The cheapest way to cut an AI agent's model bill is not a cheaper model. It's a ladder: send every call to a cheap, capable model by default, and escalate to a flagship only the calls that fail. Most agent steps — scoped edits, boilerplate, formatting tool arguments, simple reasoning — don't need a frontier model. Paying frontier prices for them is waste you can delete in about 40 lines.

Because nearly every provider speaks the OpenAI Chat Completions format, you can build this with one SDK and two base URLs. Here's the whole pattern.

1. Two clients, one interface#

Point one client at a cheap open-weight endpoint and one at your flagship. Same SDK, same method calls — only base_url and api_key change. Here the cheap tier is Moonshot's Kimi K2.7 Code (~$4 per 1M output); the flagship is anything OpenAI-compatible.

import os, json
from openai import OpenAI, APIError, RateLimitError

cheap = OpenAI(
    base_url="https://api.moonshot.ai/v1",
    api_key=os.environ["MOONSHOT_API_KEY"],
)
CHEAP_MODEL = "kimi-k2.7-code"

flagship = OpenAI(  # your escalation tier — GPT-5.6, or any OpenAI-compatible gateway
    base_url=os.environ.get("FLAGSHIP_BASE_URL", "https://api.openai.com/v1"),
    api_key=os.environ["FLAGSHIP_API_KEY"],
)
FLAGSHIP_MODEL = os.environ.get("FLAGSHIP_MODEL", "gpt-5.6")

2. Validate the shape, not just the status#

The dangerous failure isn't an exception — it's a 200 OK with a broken tool call. The cheap model returns something well-formed enough to pass, wrong enough to corrupt your run. So before you trust a response, check it: content present, and if you expected a tool call, that its arguments actually parse.

def is_usable(resp) -> bool:
    msg = resp.choices[0].message
    calls = getattr(msg, "tool_calls", None)
    if calls:  # if it called a tool, the arguments must be valid JSON
        try:
            for c in calls:
                json.loads(c.function.arguments)
        except (json.JSONDecodeError, TypeError):
            return False
        return True
    return bool(msg.content and msg.content.strip())

3. The fallback wrapper#

Try the cheap model. Escalate on a transport error, a rate limit, an unusable response, or a caller-supplied validate() that inspects the answer and rejects it. A per-call escalated flag lets you log which tier actually did the work.

def complete(messages, tools=None, validate=None):
    """Try cheap; escalate to flagship on failure or bad output."""
    try:
        resp = cheap.chat.completions.create(
            model=CHEAP_MODEL, messages=messages, tools=tools,
        )
        if is_usable(resp) and (validate is None or validate(resp)):
            return resp, "cheap"
    except (APIError, RateLimitError):
        pass  # fall through to the flagship

    resp = flagship.chat.completions.create(
        model=FLAGSHIP_MODEL, messages=messages, tools=tools,
    )
    return resp, "flagship"

That's the core. validate is where your judgment lives — a JSON-schema check, a "did the code compile" gate, a cheap heuristic. If it returns False, the same prompt is retried on the flagship, so a wrong-but-well-formed cheap answer never survives.

4. Two guardrails you'll want in production#

Cache-aware ordering. Put your stable system prompt and tool definitions first, variable context last, so repeated calls hit the provider's prompt cache. On Kimi K2.7 Code that drops cache-hit input from $0.95 to $0.19 per 1M — a free discount you only get if the prefix is stable.

An escalation cap.

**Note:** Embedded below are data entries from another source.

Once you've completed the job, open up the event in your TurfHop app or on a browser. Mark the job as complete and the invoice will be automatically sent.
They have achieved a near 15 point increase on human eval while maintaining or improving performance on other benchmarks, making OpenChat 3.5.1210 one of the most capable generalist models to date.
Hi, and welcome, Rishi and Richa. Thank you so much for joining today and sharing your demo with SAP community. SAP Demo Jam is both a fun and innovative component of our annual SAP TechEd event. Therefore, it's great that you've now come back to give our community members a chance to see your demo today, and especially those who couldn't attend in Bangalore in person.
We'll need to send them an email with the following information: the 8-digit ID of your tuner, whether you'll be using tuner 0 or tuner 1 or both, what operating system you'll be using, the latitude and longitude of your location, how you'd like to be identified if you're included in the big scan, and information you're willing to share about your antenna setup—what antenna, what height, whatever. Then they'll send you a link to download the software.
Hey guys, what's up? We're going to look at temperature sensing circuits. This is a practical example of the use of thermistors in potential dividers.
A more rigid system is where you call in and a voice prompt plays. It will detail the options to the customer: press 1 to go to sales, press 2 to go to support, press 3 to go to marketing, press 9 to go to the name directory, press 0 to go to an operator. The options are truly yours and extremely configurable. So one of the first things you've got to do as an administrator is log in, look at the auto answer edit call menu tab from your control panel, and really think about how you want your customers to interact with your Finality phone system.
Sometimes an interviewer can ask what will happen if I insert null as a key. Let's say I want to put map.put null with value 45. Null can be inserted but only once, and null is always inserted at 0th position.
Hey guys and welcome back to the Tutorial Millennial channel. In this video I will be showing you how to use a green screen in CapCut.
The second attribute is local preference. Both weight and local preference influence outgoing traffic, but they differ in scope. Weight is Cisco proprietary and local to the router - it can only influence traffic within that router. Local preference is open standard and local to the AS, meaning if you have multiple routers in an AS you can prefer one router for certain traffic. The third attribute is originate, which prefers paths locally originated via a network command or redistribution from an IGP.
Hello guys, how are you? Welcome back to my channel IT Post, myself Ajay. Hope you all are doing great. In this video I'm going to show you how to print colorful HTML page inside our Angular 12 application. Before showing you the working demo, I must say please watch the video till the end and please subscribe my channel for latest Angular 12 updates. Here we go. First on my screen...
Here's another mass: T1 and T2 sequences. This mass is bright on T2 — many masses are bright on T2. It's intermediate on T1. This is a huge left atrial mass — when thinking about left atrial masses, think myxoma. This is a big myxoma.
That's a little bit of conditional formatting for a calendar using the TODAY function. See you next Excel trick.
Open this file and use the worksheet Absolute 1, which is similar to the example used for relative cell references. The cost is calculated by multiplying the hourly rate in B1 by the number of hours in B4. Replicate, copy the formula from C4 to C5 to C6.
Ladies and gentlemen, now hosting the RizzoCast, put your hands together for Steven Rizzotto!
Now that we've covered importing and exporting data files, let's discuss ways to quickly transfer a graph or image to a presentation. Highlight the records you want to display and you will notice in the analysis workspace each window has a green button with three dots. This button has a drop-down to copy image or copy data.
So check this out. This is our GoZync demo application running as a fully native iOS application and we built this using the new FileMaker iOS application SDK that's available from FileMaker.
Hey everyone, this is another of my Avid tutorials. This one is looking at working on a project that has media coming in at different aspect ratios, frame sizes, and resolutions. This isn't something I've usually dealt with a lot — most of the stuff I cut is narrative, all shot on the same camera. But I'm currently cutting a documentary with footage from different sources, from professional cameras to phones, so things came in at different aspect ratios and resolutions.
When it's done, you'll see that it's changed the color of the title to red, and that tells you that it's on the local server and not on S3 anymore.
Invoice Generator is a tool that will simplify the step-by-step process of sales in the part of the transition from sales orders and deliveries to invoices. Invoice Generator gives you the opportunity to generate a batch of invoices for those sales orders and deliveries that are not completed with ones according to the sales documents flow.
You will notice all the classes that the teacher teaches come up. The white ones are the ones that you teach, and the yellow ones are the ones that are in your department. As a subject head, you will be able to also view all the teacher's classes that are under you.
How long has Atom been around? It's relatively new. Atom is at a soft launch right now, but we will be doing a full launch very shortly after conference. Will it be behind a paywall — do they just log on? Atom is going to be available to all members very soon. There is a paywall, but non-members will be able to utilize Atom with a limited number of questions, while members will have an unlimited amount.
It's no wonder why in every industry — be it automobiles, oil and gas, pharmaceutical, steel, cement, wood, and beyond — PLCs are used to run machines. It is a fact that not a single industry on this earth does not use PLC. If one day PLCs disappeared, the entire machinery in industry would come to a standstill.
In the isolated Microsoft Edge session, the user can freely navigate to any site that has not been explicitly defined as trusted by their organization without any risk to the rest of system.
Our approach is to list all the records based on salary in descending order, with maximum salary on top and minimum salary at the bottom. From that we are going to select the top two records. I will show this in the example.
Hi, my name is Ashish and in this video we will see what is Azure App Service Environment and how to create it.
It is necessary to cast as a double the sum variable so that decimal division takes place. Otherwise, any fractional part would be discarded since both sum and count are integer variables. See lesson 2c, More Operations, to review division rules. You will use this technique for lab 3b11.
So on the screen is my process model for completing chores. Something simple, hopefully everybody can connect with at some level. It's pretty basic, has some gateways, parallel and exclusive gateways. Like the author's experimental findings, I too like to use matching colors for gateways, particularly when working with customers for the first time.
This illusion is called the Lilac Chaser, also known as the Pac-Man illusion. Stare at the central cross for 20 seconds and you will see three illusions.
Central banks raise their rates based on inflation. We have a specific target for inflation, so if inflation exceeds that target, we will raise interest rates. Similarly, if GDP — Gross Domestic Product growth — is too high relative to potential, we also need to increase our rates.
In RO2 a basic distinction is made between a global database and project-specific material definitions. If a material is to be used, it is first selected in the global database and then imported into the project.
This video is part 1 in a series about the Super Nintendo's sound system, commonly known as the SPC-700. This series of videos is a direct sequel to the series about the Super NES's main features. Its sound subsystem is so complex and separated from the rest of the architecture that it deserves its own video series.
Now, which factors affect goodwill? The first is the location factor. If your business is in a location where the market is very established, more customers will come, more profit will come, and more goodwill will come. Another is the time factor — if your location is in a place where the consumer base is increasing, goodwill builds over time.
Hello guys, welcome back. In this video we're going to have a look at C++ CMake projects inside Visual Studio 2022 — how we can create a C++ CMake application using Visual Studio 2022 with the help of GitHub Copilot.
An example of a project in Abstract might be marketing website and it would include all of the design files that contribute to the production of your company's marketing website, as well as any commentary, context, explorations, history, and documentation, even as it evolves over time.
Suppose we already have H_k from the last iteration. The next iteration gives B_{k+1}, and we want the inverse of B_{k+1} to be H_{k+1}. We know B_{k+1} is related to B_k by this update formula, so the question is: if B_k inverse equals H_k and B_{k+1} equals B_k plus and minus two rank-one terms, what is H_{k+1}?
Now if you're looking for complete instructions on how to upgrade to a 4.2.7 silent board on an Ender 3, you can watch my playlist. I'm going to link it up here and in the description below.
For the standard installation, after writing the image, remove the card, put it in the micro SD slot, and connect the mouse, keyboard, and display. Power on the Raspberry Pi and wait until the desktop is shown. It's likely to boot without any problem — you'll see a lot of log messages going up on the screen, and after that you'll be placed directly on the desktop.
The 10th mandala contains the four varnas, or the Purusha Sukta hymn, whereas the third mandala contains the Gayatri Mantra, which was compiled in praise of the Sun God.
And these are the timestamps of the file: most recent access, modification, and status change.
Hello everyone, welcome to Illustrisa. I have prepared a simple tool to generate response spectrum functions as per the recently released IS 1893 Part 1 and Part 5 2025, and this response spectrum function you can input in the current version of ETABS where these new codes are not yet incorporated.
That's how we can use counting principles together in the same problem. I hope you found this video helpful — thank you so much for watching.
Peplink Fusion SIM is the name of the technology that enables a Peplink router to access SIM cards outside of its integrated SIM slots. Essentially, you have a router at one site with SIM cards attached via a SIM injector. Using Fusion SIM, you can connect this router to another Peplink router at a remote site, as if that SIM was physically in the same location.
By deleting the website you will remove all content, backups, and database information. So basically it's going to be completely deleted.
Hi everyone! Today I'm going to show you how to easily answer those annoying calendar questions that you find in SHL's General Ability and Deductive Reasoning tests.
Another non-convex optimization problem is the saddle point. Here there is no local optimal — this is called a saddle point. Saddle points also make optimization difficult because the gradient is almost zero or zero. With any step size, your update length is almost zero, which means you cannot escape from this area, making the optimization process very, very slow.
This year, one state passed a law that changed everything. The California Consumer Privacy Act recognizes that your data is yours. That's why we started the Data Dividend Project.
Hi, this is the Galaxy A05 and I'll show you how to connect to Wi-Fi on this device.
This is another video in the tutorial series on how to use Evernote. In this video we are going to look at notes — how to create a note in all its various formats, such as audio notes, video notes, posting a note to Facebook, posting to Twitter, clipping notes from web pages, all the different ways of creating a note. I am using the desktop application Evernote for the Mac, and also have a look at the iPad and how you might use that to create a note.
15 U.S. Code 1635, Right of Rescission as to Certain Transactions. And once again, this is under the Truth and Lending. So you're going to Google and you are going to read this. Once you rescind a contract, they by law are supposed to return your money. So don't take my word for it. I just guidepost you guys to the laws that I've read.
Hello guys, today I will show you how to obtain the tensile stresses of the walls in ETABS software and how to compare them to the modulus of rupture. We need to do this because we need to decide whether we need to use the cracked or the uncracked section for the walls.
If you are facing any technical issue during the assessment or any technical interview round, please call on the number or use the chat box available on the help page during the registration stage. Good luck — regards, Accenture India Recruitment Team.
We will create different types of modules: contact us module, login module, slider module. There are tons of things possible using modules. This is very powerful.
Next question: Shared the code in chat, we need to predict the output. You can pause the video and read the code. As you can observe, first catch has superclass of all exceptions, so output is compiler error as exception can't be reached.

One pathological input can bounce every call up to the flagship and erase your savings. Count escalations per task and stop climbing past a ceiling:

class Budget:
    def __init__(self, max_escalations=5):
        self.max, self.used = max_escalations, 0
    def allow(self) -> bool:
        if self.used >= self.max:
            return False
        self.used += 1
        return True

Gate the flagship call behind budget.allow() and fail loud when it trips — a silent runaway is worse than a hard stop.

The economics#

If the cheap tier clears 80% of calls at a third of the flagship's output price and you escalate the other 20%, blended cost lands roughly 55–65% below running everything on the flagship — with no quality loss on the hard calls, because those still go to the flagship. Log which tier answered every call and tune the split from real data; the number that matters is your escalation rate, not anyone's benchmark.

If you'd rather not hand-roll it, LiteLLM's router ships fallbacks, retries, and per-model budgets as configuration — the same ladder, behind one gateway. Either way, the move is the same: stop paying frontier prices for work a cheap model already finishes.